# THE TASK
Nothing but an exact repeat of the data, with pictures removed, belongs in the answer.
(INPUT DATA)
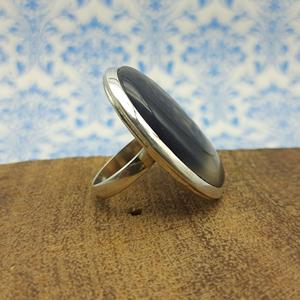 Anillo de estilo bohemio de plata 925 sólida de ágata azul, banda gruesa de moda, diseño grueso para bodas, fiestas, artesano hecho a mano Natural - Product Image 3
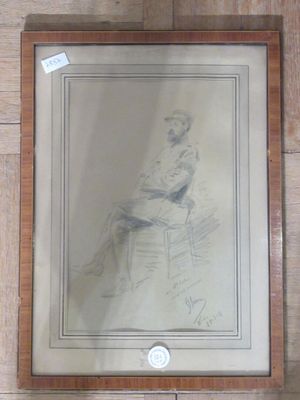 Jules CHERET "Portrait d'un officier assis" Fusain signé et …
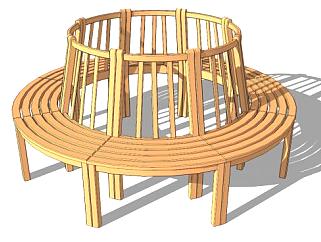 <em>景观环形</em>座椅su模型下载_sketchup草图大师SKP模型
(End INPUT DATA)
# RESULT OF THIS TASK
 Anillo de estilo bohemio de plata 925 sólida de ágata azul, banda gruesa de moda, diseño grueso para bodas, fiestas, artesano hecho a mano Natural - Product Image 3
 Jules CHERET "Portrait d'un officier assis" Fusain signé et …
 <em>景观环形</em>座椅su模型下载_sketchup草图大师SKP模型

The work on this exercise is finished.